Let’s reopen the case to when PepsiCo began harvesting this variety of potato to understand how it lost its registration.
Tracing the Case’s Roots
Rewinding to 2009, PepsiCo India commenced importing the FL-2027 potato variety from the US and eventually commercialized it in the Indian market by striking up a contract farming arrangement with Indian farmers. As per this contract, the food and beverage behemoth distributed the FL-2027 potato seeds to the farmers and brought back the potato harvest at pre-agreed rates.
PepsiCo in the Upper Hand?
Forwarding to 2019, Kurugranti alleged that PepsiCo India had appointed a private intelligence agency to act as interested buyers and visit the fields that these farmers were growing the potatoes in Gujarat the same year. Upon testing the potatoes grown by these farmers who had no contract at all with PepsiCo, it revealed these potatoes to be the FL-2027 variety. PepsiCo then individually filed lawsuits against these farmers for growing this variety of potatoes in the Ahmedabad civil court that year.

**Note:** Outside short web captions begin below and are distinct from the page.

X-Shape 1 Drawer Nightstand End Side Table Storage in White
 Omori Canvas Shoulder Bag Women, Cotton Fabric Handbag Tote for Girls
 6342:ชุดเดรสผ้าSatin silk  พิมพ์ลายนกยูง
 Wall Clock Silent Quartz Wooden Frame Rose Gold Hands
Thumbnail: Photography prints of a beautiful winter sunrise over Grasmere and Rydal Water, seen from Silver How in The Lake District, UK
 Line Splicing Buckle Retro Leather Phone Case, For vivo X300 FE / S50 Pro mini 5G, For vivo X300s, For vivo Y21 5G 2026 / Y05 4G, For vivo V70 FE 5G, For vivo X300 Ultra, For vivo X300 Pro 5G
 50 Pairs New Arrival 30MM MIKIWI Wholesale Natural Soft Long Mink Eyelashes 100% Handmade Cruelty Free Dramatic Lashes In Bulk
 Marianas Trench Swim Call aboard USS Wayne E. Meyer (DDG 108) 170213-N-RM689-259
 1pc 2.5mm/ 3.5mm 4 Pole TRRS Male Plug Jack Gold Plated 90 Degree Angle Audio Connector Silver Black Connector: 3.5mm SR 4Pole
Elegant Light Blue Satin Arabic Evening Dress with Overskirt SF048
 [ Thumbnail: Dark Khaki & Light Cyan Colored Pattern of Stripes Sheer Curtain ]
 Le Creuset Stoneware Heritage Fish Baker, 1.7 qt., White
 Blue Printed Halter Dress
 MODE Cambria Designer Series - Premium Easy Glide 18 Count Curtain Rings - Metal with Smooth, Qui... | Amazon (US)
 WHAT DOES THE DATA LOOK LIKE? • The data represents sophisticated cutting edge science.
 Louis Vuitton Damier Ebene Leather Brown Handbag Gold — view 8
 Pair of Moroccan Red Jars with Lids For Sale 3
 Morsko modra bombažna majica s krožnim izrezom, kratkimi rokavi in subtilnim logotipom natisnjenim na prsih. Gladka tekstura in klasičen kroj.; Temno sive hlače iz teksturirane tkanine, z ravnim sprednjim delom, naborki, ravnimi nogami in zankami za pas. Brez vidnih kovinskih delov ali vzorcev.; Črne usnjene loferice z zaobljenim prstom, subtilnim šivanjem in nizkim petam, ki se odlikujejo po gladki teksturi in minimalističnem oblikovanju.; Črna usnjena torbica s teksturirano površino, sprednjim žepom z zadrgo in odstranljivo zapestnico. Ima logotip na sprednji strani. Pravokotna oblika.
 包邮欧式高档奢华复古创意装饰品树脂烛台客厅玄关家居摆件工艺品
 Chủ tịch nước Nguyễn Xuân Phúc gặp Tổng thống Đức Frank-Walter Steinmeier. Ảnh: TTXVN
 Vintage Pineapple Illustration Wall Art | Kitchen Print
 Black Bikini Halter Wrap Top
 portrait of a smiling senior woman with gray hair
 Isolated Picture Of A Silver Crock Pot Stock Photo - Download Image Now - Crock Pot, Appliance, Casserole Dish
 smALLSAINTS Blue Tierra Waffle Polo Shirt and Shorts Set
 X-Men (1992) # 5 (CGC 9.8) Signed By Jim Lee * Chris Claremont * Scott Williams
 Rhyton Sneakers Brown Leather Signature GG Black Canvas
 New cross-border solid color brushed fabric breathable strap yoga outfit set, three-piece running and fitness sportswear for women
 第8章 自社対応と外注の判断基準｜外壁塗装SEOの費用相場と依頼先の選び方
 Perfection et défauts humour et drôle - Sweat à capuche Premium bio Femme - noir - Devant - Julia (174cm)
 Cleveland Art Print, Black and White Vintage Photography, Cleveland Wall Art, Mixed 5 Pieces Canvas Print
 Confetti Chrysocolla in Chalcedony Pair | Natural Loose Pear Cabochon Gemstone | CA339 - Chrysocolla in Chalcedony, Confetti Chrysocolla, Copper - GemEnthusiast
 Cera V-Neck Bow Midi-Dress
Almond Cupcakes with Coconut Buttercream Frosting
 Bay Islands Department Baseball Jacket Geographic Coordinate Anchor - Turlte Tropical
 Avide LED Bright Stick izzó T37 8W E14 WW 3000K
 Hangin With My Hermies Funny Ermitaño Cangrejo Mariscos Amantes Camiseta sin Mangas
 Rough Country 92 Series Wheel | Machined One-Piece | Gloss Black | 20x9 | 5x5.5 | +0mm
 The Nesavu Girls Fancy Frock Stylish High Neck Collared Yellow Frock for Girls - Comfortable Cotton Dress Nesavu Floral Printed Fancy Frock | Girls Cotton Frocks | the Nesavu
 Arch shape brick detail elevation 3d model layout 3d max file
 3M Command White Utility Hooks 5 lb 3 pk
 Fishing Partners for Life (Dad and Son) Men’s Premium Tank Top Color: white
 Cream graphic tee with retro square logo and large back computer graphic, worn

Not a Chance with the PPVFR Act, 2001: Activist, Legal Experts Go Strong on Farmers’ Defense
In the Gujarat Farmers’ defense, Kurugranti shot back by stating that these farmers might have been growing the potato variety not knowing that they were infringing the exclusive rights of any corporation. Building more on their defense, Kurungranti referred to the PPVFR Act, 2001 by saying that this act supported farmers to save, use, sow, resow, exchange, share or sell farm produce, including seeds, even of varieties protected under it, even if they were aware. Another defensive move came from Shalini Bhutani, a Delhi-based legal researcher and policy analyst who tracks agriculture and biodiversity issues, said that traders at times tend to put potato tubers that are minute for processing, without the original protected name or brand, into the farming gray market. As a result of purchasing these tubers, farmers end up tangled in the actions of the IPR infringement.
PepsiCo Busted!
PepsiCo did withdrew the lawsuits it filed against these farmers within days, but Kurungranti urged the PPVFRA to revoke the food and beverage behemoth’s FL-2027 potato variety registration. Now this is when PepsiCo’s gas slipped out of its bottle. In her petition, Kurugranti pointed out that PepsiCo had given incorrect information that the registration of variety was based on.
Not only that, Kurungranti said that PepsiCo violated the PPV&FR Act's rules and regulations and the issuance of its certificate of registration was not in the public's interest. PepsiCo India's registration of the potato variety was canceled in December 2021 after the authority ruled in Kuruganti's favor.
Another Appeal by PepsiCo, but the Indian Court Doesn’t Buy it
In May 2022, the company filed an appeal with the High Court of Delhi asking for a stay on the revocation order to protect PepsiCo's proprietary rights in its potato variety FL-2027, but was rejected.
What the Case Brought to Light
The PepsiCo India case is representative of how companies often coercively enforce their seed rights to preserve their interests, regardless of jeopardizing that of farmers. However, according to legal experts, farmers' rights cannot be replaced by companies due to India's legal framework around plant variety rights.
The market immediately becomes open to the next option, the multinational companies, if the farmers are prohibited by legislation from selling seed. While strong farmers' rights keep the farming community alive and as viable rivals in the seed market, weak farmers' rights will permit seed companies to dominate the seed market.